I thought I was still in Davao City.  But I was not dreaming.  I had traveled by plane from Davao City to Manila for one hour and 20 minutes. From Manila, the flight to Hanoi took three hours and 15 minutes.

I arrived when it seemed everyone was still sleeping except those who were at the airport and the staff at the hotel where I was billeted.  Although it was already 3 in the morning when I hit the bed, I still managed to wake up early and explore the outside surrounding of the hotel which was built in 1901 yet.

I walked around and the streets were so clean.  It was so clean I could not see any cigarette butts.  I was thinking of Davao City, where cigarette smoking in public is strictly prohibited. I walked further and I told myself: I am not in Davao City anymore.  The motorbikes seemed to tell me: you are now in Hanoi.  Yes, Hanoi, the capital city of Vietnam.
Actually, I wasn’t alone.  In fact, I was not the only one from Davao.  Together with me was Ruben Gonzaga, the winner of the Pinoy Big Brother Celebrity Edition.  It is his second trip abroad.

The first time was in Beijing, China, where we were together also.

Actually, this trip and that of Beijing was part of the prize we won in the 9th Bright Leaf Agriculture Journalism Awards, sponsored by the PMFTC, Inc.  I won the Best Feature Story Regional for the three-part series I wrote for Edge Davao last year.

On the other hand, Gonzaga, the host of ABS-CBN’s “Agri Tayo Dito,”  wrote a segment in his popular TV show which earned the program the Best Radio Story, the same category it won the previous year.

I had been to several other Asian countries but it was my first time to be in Vietnam.  I had no intention of coming to Hanoi due to what I have read in newspapers and those I had seen in motion pictures.  But I was completely wrong.

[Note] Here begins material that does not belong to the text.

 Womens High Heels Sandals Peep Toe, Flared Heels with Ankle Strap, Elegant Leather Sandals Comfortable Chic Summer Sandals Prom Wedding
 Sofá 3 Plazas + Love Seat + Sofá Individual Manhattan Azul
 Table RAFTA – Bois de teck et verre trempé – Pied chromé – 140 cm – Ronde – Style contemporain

I have read that Hanoi today is one of the top tourist destinations.  It has been said that its phenomenal increase in tourist traffic in recent years is largely due to the safety factor.  It means that just like Davao City, Hanoi is one of the safest places in the world to travel.

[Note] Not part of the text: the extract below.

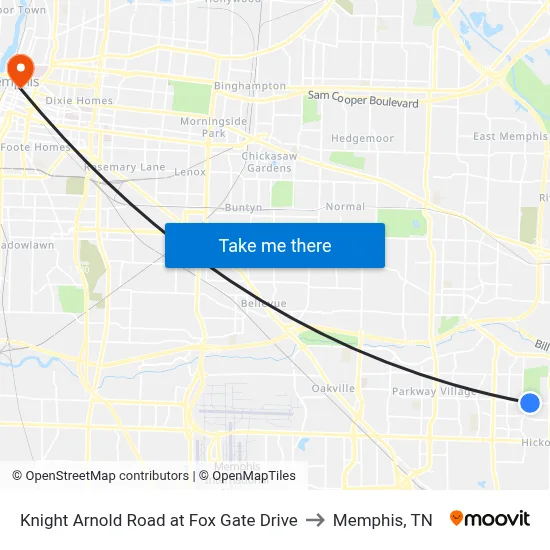 Knight Arnold Road at Fox Gate Drive to Memphis, TN map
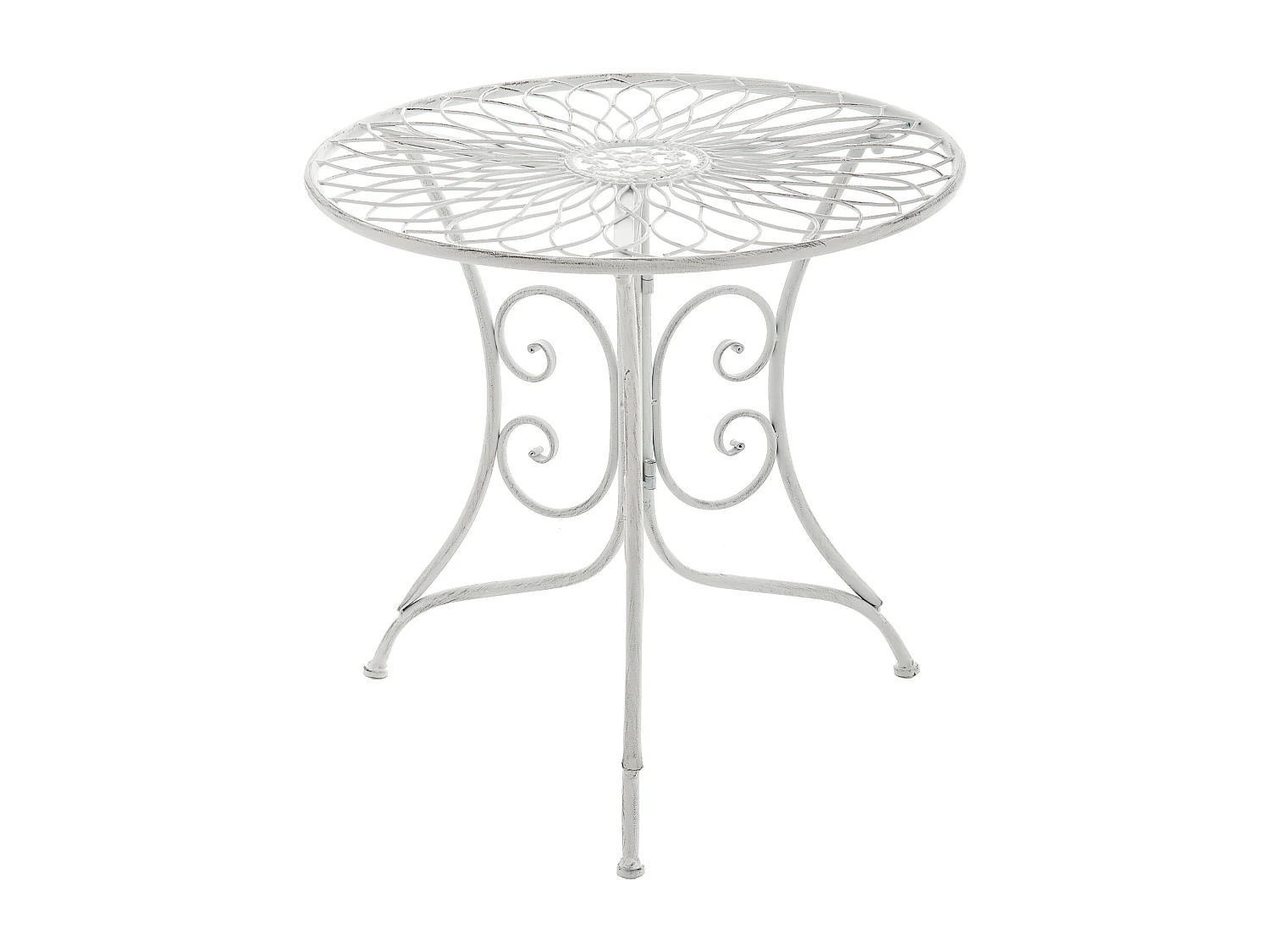 Table d'appoint de jardin - carré - Métal - 55 x 55 cm - Blanc antique - Ariano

And Ruben and I can attest to that.  On our third day in the city, Ruben tried to roam around.  He wanted me to go with him but I was so tired since we went to Ha Long Bay (yes, you read it right, the place which was included in the World Heritage List by the United Nations Educational, Scientific and Cultural Organization or UNESCO).
“I walk alone going to the Hoan Kiem Lake,” Ruben told me later. “In fact, I took some photos.”

He showed me his photos and I envied him.  I should have accompanied him so I could have taken what he had shot with his camera

Like Davao City, Hanoi is a very safe place especially for foreigners and tourists.  But still, you have to be aware of what’s going on and to keep your presence of mind.  “The Vietnamese are by and large honest, friendly and helpful, and friendships forged here often lead to repeat visits,” wrote one blogger. “Nevertheless, every city, Hanoi included, has its share of tricksters who are not averse to taking advantage of new arrivals. But by following principles of common sense, as well as keeping a look-out for the following types of villain, you should survive unscathed.”

Generally, when I am in another country, I don’t go out usually except when I am with a group.  But going out alone in another country, it’s a big no-no (although I did it once when I was in New York!).  In Hanoi, I was able to walk alone without fear of being snatched, mugged, or worse, stabbed.

It occurred to me that Hanoi is indeed very, very safe.  I was able to go from one place to another without feeling stressed out.  It feels like I was in Davao City!
The only thing I never felt at ease was when I was shopping.  I am not use to buying things in thousands.  Imagine buying a T-shirt at 100,000 dong.  I became an instant millionaire when I exchanged my US$100 to a whopping 2 million dong. And by the way, our peso currency is accepted there.

Walking around Hanoi is one thing but crossing across the street is another story.  Hung Nguyen, our tour guide, said Hanoi is home to about 7 million people.  And there are 3 million motorbikes. It means that every other person has a motorbike!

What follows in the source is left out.